Elicia Spearman, General Counsel, Quinnipiac University
“Nell was my hero from page one. Filled with innate intelligence, but so young and naive when she married, you soon wondered which ‘Nell’ she would become. What a treat to accompany her on that journey!”
Paula Lyons, former national and local television consumer reporter and regular panelist on NPR’s Says You
“Jennifer Smith Turner’s fine sense of detail gives this story valuable historical insight. . . . Turner’s eye for small points carries through this compelling story of one woman’s coming-of-age journey. A fine book for reading groups!”
Jane Arnold, Professor of English (retired), SUNY-Adirondack
“. . . a wonderful and emotionally powerful novel rooted in an historical context . . . Child Bride is a page-turning delight I highly recommend.”
Harry Seymour, artist and Professor Emeritus at UMass, Amherst
In 1950s Louisiana, an African American teenager must leave childhood and her ambitions behind when she marries an older man in this coming-of-age novel about the black diaspora, resilience, and courage.

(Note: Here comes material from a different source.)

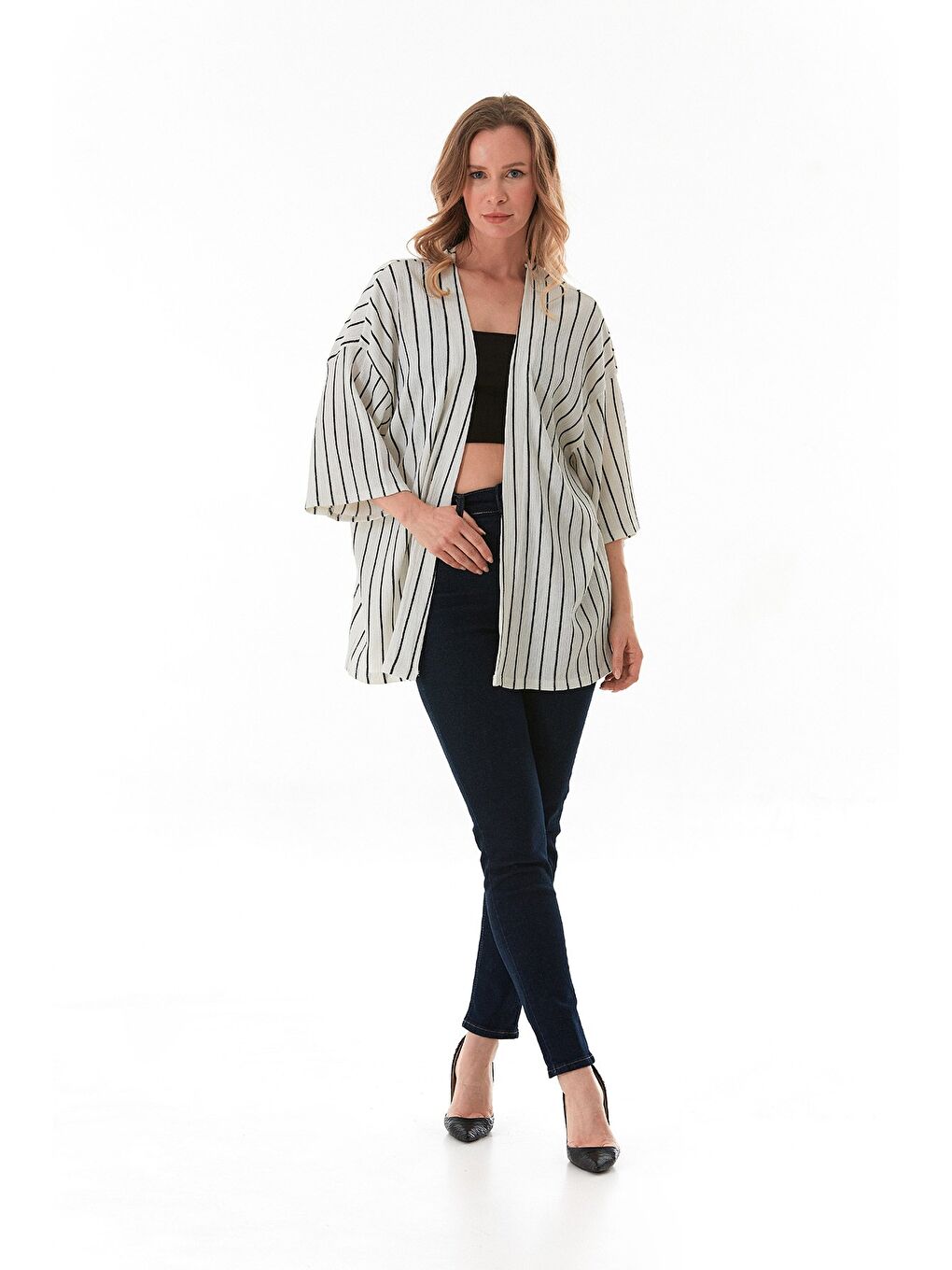 Ekru Çizgili Bürümcük Kumaş Kimono-1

Until the age of 16, Nell Jones’ home is a ramshackle house on “one of many small hog and pecan farms owned and worked by the descendants of sharecroppers and former slaves.” There, her mother teaches her how to cook, her father shows her how to use a pocket knife to peel an apple in one long spiral strip, and her oldest brother, Robert, tells her how to find the North Star in the night sky. Most of all, Nell loves school, where Miss Parker, a teacher, nurtures her naturally inquisitive nature and her passion for reading. Cocooned in the love of her family and her small community, Nell knows little of the outside world, but she later realizes, “for black southerners racism lived in the air we breathed.” Nell is still an innocent teen when Henry Bight comes to claim her as his bride and take her north to Boston. There, her dreams of becoming a teacher quickly evaporate in the face of Henry’s possessiveness and insistence that she have as many babies as possible. A few years later, Nell is the mother of three young children, a lonely and unfulfilled woman tied to an angry and controlling man. But she does possess an inner strength and stubbornness that will not allow her to simply abandon her dreams. Turner’s warm and personal narrative brings to life the vigor and interdependence of black communities in both the South and the North of the mid-20th century. Nell is an appealing, penetrating, and spirited protagonist whose struggles are relatable to all readers, but much of the power of her story lies in the fact that it is grounded in African American society. White characters make an occasional appearance, but the tale is centered on the black experience. It is disappointing that Nell’s eventual fate seems to rely heavily on the trappings of class privilege, but the book as a whole is uplifting and dynamic.
A captivating story of a strong African American woman who pursues her dreams.